Change #3 – Premium Revision
We buy health insurance with the knowledge that premiums will increase with age and insurers reserve the right to increase premiums depending on claims experience and medical inflation.
Despite the current environment, company N has reduced premiums while still providing competitive benefits and maintaining a long-established track record.
As far as I know, all insurers have increased premiums due to medical inflation and higher claim experience. And there will be policyholders who will be subject to claims-based pricing. This means that if you claim on your hospitalisation insurance, you may end up paying a higher premium at the next renewal.
So, What Should You Do?
The change from 100% as charged and full rider coverage to one that features a copayment structure is certainly not welcomed by everyone. Policyholders will also have to brace themselves for higher revised premiums in the future and also the implementation of claims-based pricing by certain insurers.
Note: This means that Singaporeans and PRs insured under the Integrated Shield plan will have to think farther ahead and start setting aside money for their old-age health insurance premiums.
The top question on many people’s minds would be whether to switch to another ‘better’ or the ‘best health insurance plan in the market. What is better or best is subjective as each one of us has different needs and requirements.
Before switching, you need to be aware of this: If you already have pre-existing medical conditions, the new insurer is likely to impose exclusions on them.
My recommendation: Continue with your existing Integrated Shield Plan. Take time to understand the changes and the new clauses pertaining to your coverage.
1) Be prepared to pay a part of your hospitalisation expenses.
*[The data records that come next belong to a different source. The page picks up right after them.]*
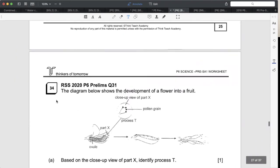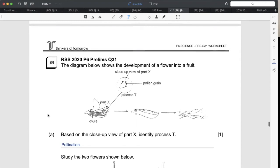Let's go on to question 34. You need to know your reproduction in plants for this one. They show a close-up view of part X - there are pollen grains on this particular round thing. You should all get it correct: the round thing is the stigma. So the pollen grains are landing on the stigma - this should be pollination. Fertilization takes place inside the ovary, specifically inside the ovule.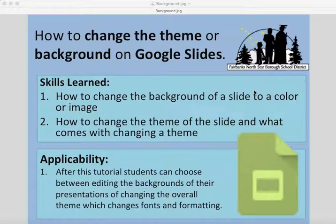In this tutorial you're going to learn how to change the theme or background on Google Slides. You'll know how to change the background of a slide to a color or an image, and how to change the overall theme which changes the font and formatting.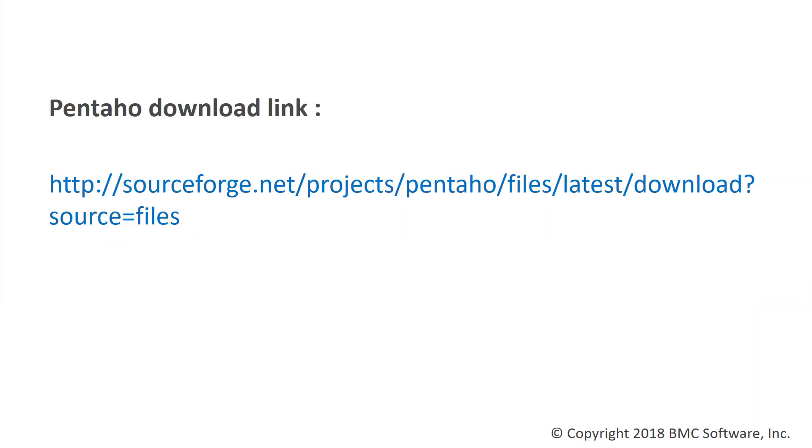Let's download the latest Pentaho files from the sourceforge.net site. This is the URL that you need to download the files from. I'll be also adding this URL to the description of this video through which you can download it.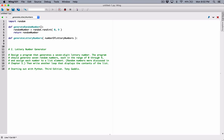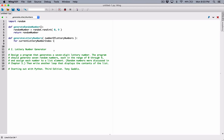Anytime someone calls this function, they need to pass in a number of lottery numbers. I'm going to use a for loop to iterate that many times. So if the user types in 7, I want to iterate 7 times; if they type in 8, I want to iterate 8 times, and so on. I'm going to create a target variable — I normally call it an index — and I'll name it currentLotteryNumberIndex. So: for currentLotteryNumberIndex in range, I'm going to pass in whatever the user types here.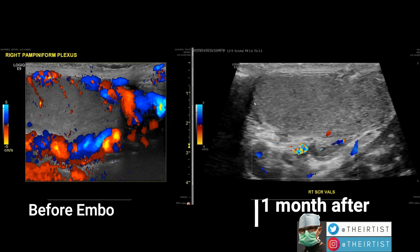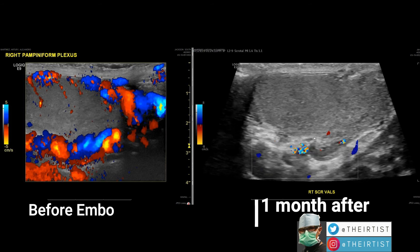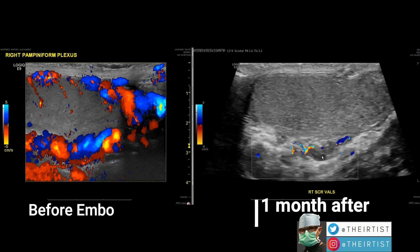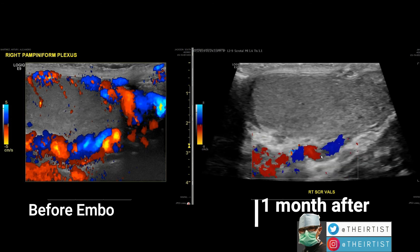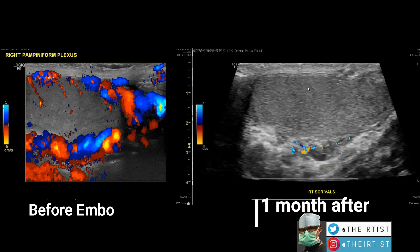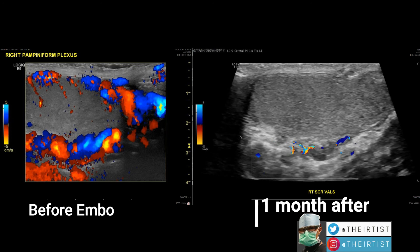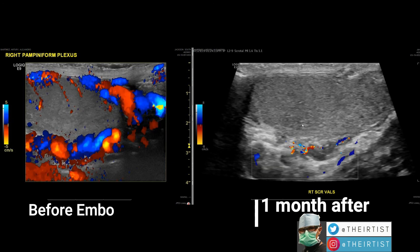After the embolization, on the right-hand side you can see the ultrasound done one month after the procedure. Immediately you can notice the difference — there is less blood reflux. There are still some dilated veins, which is normal; they will shrink and disappear over time. The testicle has more space. There is still a little signal representing blood flow, but we don't see nearly as much reflux as before. This is quite evident on these images.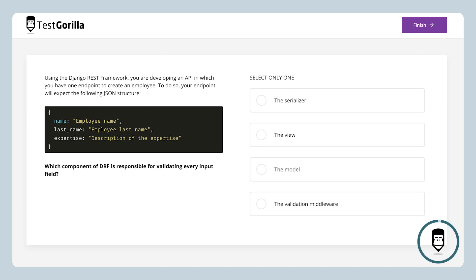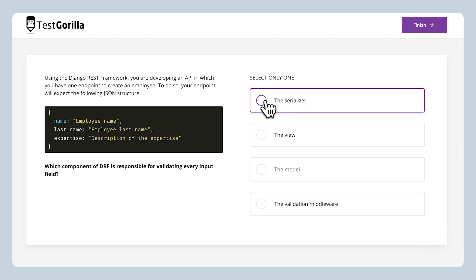Now, if you're not a programmer, these questions might be a bit too technical. But since this last one is about general DRF knowledge and is multiple choice, give it a try yourself. If nothing else, it'll help you get a better understanding of what your candidates will experience when they take the test. Okay, time's up. Here's the answer for this last one. And that's a quick look at our Django REST framework test — make sure to check this one out in our test library for more details.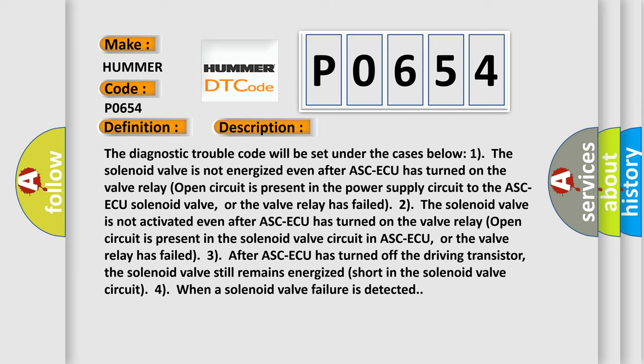3. When a solenoid valve failure is detected. This diagnostic error occurs most often in these cases.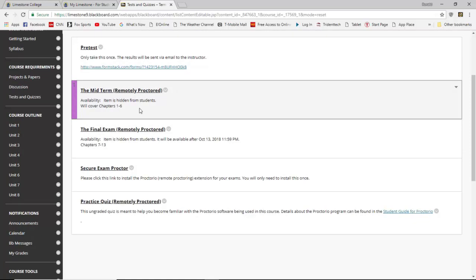Your midterm exam will be a remote Proctorio exam — you have a week window to take it. Look at your syllabus under the grading section covering chapters one through six. As we go through these chapters I will provide you with a study guide to help you complete your midterm exam. It will require you to read the text and look up the information. It is your responsibility to actually read the chapters to ensure you have an understanding so you can complete your midterm and final exam.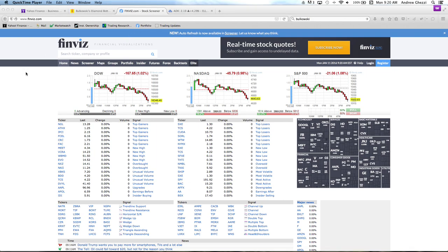Going over to my number one favorite site — Finviz — if you haven't been here yet, pull up a chair, get a bag of popcorn, and just play around with it. It's an amazing site that is for the most part free.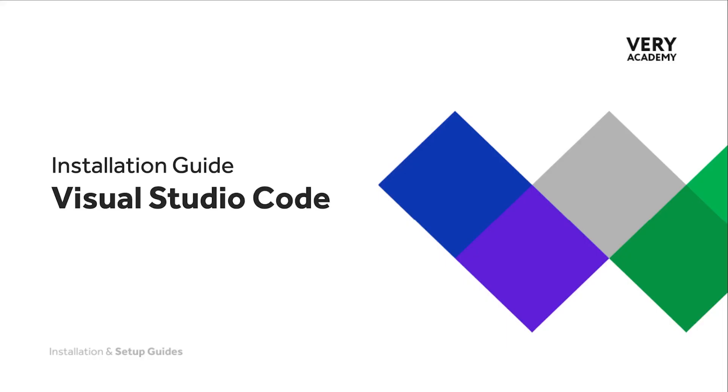If you do experience any installation errors when installing Visual Studio Code, then do check out Stack Overflow. It's likely that someone else has had the same problem, so it's likely that there will be a solution for you.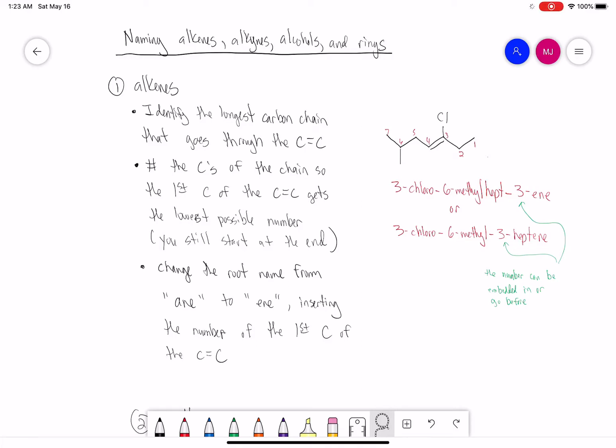We're going to continue our conversation about nomenclature. We're now going to be talking about how to name alkenes, alkynes, alcohols, and rings. We have to remember we're still following the same rules we talked about in our basic nomenclature video, but there's going to be some subtle changes for each of these functional groups. So first, let's talk about how to name alkenes.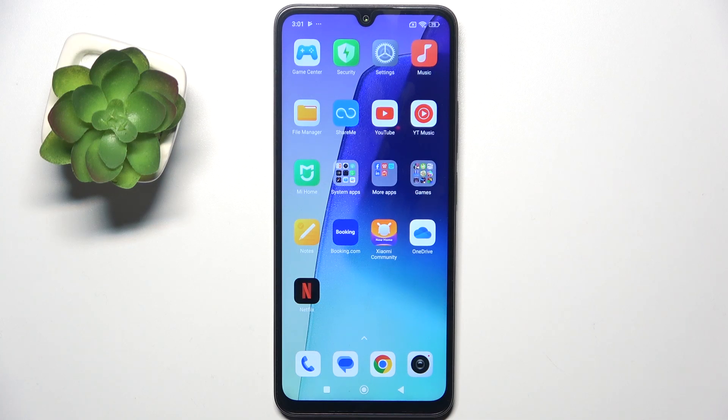Hello, in this video I'm gonna show you how to change the lock screen wallpaper on the Redmi A3 Pro.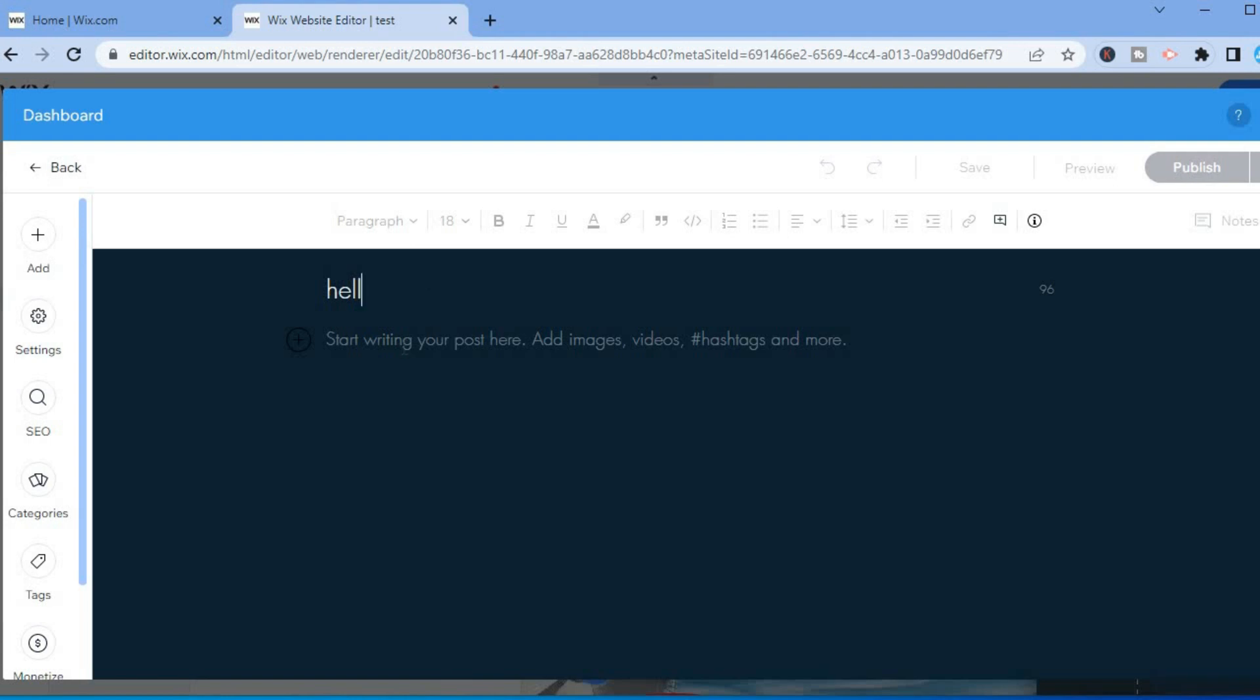Then you can also start writing right here. And that's it! Hope you found this video helpful and informative. If you did, be sure to hit the like button and subscribe.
2) Run through your insurer’s panel of private hospitals and specialists. For better coverage and to reduce out-of-pocket expenses, it is best to seek treatment from panel doctors and hospitals. Remember to request for pre-authorisation from your insurer whenever necessary.
3) If affordability is a concern, you can choose to downgrade your hospitalisation plan. Lower-tier plans cover restructured hospitals and for classward A or B1 and below.